Archive | Film reviews

An archive of the blog's film reviews. There's also an archive and an A-Z index of all reviews.


May 2, 2017

What have you been watching? Including Saving Mr Banks, Lucifer, Doctor Who and The Flash

Posted on May 2, 2017 | Post a comment | Bookmark and Share

It's "What have you been watching?", my chance to tell you what movies and TV I’ve been watching recently and your chance to recommend anything you've been watching.

Easter's over, we're entering May and while Captain Squarejaw might be depressed about the whole thing, TV networks around the world are waking up, filled will the joys of spring, and starting to send us a whole batch of new shows to enjoy.

Elsewhere, I've already reviewed the whole of Seven Types of Ambiguity (Australia: ABC), as well as the first episodes of Great News (US: NBC) and Genius (US/UK: National Geographic). Later in the week (I'm guessing Thursday), I'll be casting my eye over the first few eps of The Handmaid's Tale (US: Hulu) and American Gods (US: Starz; UK: Amazon), but there'll probably be a few other shows I haven't noticed yet that I'll try to review as well (eg Dear White People). 

After the jump, though, I'll be reviewing the usual regulars: The Americans, Doctor Who and Silicon Valley. Joining that list are the returning The Flash as well as the long-absent Lucifer. Hoorah! I'm assuming that's what I heard you all saying just now, anyway.

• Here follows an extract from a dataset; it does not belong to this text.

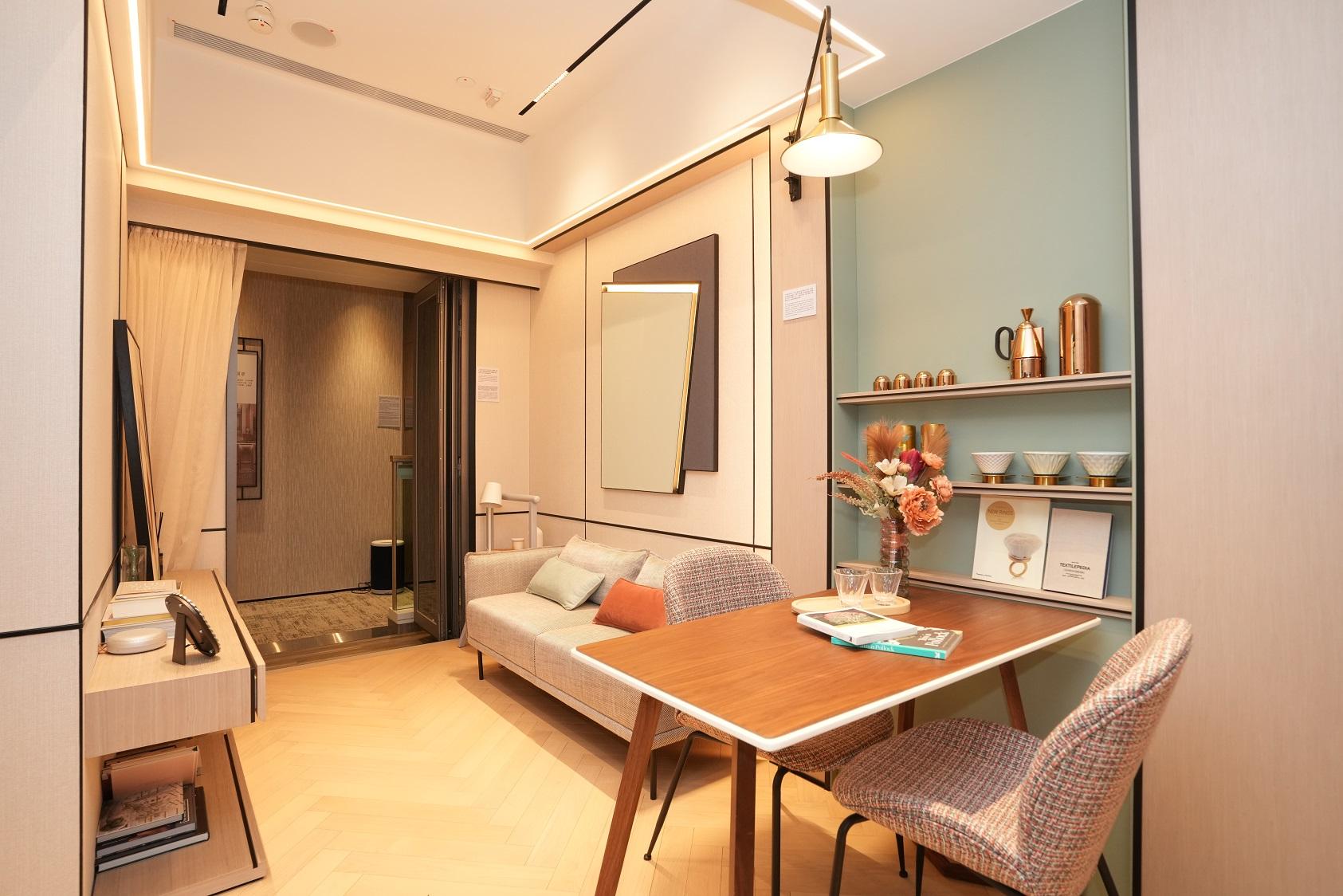 深水埗新盤|多相!佳悅283方呎一房示位 玄關位設鏡+掛鈎夠方便貼心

I also watched a movie over the weekend.

Saving Mr Banks (2013)
Dual biopic about the making of Mary Poppins, in which a reluctant 'PL Travers' (Emma Thompson) is convinced to give Walt Disney (Tom Hanks) the rights to adapt her famed book. Coming over to Hollywood, she then has to deal with the fact the movie will be a partially animated musical that's less than identical to the book and characters as she envisioned them, with the likes of Bradley Whitford and Jason Schwartzman having to show her just how supercalifragilisticexpialidocious it'll all be if she just lets them to their thang.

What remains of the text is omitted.